Please print the records below exactly as they are.
---*---
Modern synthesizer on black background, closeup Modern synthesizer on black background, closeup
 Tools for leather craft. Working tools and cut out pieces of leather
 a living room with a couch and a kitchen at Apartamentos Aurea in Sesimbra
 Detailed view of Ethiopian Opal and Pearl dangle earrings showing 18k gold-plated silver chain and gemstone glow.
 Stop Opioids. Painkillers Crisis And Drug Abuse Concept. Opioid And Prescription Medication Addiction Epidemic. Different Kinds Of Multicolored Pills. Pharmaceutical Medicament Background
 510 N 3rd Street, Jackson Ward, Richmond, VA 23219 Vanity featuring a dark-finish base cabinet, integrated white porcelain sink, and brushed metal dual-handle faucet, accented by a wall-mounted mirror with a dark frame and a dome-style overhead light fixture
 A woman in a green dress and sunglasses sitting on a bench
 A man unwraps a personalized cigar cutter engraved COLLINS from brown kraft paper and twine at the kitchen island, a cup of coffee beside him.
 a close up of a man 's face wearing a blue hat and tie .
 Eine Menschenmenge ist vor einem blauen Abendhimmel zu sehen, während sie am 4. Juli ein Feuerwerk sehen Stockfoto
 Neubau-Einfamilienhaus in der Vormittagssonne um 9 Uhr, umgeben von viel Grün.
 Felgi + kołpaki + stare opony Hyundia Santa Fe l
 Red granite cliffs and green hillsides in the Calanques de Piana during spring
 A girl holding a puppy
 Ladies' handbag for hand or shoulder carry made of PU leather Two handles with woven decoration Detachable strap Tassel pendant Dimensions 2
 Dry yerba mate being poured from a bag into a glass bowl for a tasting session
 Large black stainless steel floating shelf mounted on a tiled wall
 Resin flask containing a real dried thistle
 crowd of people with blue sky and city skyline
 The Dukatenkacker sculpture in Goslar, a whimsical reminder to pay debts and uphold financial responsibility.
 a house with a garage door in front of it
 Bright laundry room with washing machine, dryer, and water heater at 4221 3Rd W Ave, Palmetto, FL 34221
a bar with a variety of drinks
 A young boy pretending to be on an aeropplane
---*---
§ WRITTEN REPLY:
Modern synthesizer on black background, closeup Modern synthesizer on black background, closeup
 Tools for leather craft. Working tools and cut out pieces of leather
 a living room with a couch and a kitchen at Apartamentos Aurea in Sesimbra
 Detailed view of Ethiopian Opal and Pearl dangle earrings showing 18k gold-plated silver chain and gemstone glow.
 Stop Opioids. Painkillers Crisis And Drug Abuse Concept. Opioid And Prescription Medication Addiction Epidemic. Different Kinds Of Multicolored Pills. Pharmaceutical Medicament Background
 510 N 3rd Street, Jackson Ward, Richmond, VA 23219 Vanity featuring a dark-finish base cabinet, integrated white porcelain sink, and brushed metal dual-handle faucet, accented by a wall-mounted mirror with a dark frame and a dome-style overhead light fixture
 A woman in a green dress and sunglasses sitting on a bench
 A man unwraps a personalized cigar cutter engraved COLLINS from brown kraft paper and twine at the kitchen island, a cup of coffee beside him.
 a close up of a man 's face wearing a blue hat and tie .
 Eine Menschenmenge ist vor einem blauen Abendhimmel zu sehen, während sie am 4. Juli ein Feuerwerk sehen Stockfoto
 Neubau-Einfamilienhaus in der Vormittagssonne um 9 Uhr, umgeben von viel Grün.
 Felgi + kołpaki + stare opony Hyundia Santa Fe l
 Red granite cliffs and green hillsides in the Calanques de Piana during spring
 A girl holding a puppy
 Ladies' handbag for hand or shoulder carry made of PU leather Two handles with woven decoration Detachable strap Tassel pendant Dimensions 2
 Dry yerba mate being poured from a bag into a glass bowl for a tasting session
 Large black stainless steel floating shelf mounted on a tiled wall
 Resin flask containing a real dried thistle
 crowd of people with blue sky and city skyline
 The Dukatenkacker sculpture in Goslar, a whimsical reminder to pay debts and uphold financial responsibility.
 a house with a garage door in front of it
 Bright laundry room with washing machine, dryer, and water heater at 4221 3Rd W Ave, Palmetto, FL 34221
a bar with a variety of drinks
 A young boy pretending to be on an aeropplane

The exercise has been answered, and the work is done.